So we could examine chromosomal changes, genomic DNA was prepared from PBMCs with a DNeasy Tissue Kit (QIAGEN) following manufacturer’s instructions. DNA was labeled according to standard Affymetrix protocols and hybridized to 250K Nsp and 250K Sty SNP arrays.

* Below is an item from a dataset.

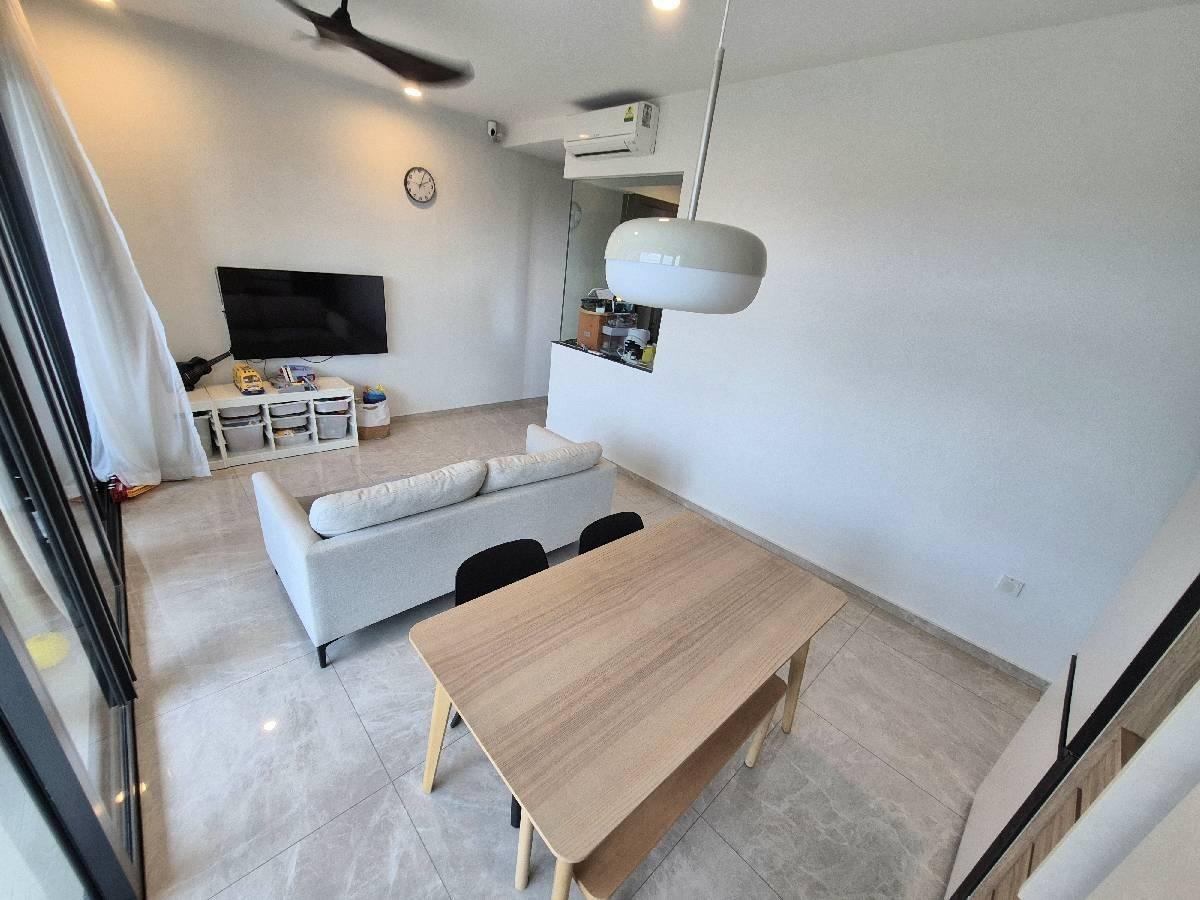 Condominium for Rent, Parc Clematis Condominium For Rent, $6,900, 3 Bed 3 Bath 1,076 sqft $6.41 psf, SGD 6,900 | 99-year Leasehold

Statistics: expression microarrays.

The mean expression values taken from 2 arrays performed for the gene therapy patient were compared with the mean values of a control panel of 104 leukemia patients. A stringent filter of a 20-fold increase or decrease in normalized values was applied, and genes of interest within this group were examined in more detail.

Statistics: SNP arrays.

The SNP array data were processed using BioConductor 2.7.0 (36) with the package oligo 1.4.0. The Affymetrix 250K SNP and 250K Sty chips were processed separately. To identify copy number variation, the arrays were normalized to a reference distribution based on 270 HapMap samples and summarized using SNPRMA (SNP robust multiarray average), after which a CRLMM (corrected robust linear model with maximum-likelihood based distances) was fitted according to default parameters as described before (37). The CRLMM algorithm performs regressions to adjust for average intensity and fragment length in the log-scale ratio. log likelihood ratio thresholds of 5,5,1 were used for AA, BB, and AB genotype calls, respectively. A hidden Markov model (Bioconductor package VanillaICE 1.20) was then applied to the collection of genotype calls to identify longer stretches of homozygosity than would be expected by chance, which shows LOH. The algorithm used was instructed to look for 2 states, N (normal) and L (loss), with estimated emission probabilities of 0.99 and 0.7. The predicted areas of LOH were then shown for each chromosome in the normal and leukemic sample.

Notch mutation detection.

The HD-N domain, the TAD and PEST domains of Notch1, and the WD40 domain (exons 8 to 12) of FBXW7 were amplified by PCR and analyzed by denaturing HPLC (WAVE; Transgenomic) as previously (24). Positive chromatograms were sequenced (CEQ8000; Beckman Coulter).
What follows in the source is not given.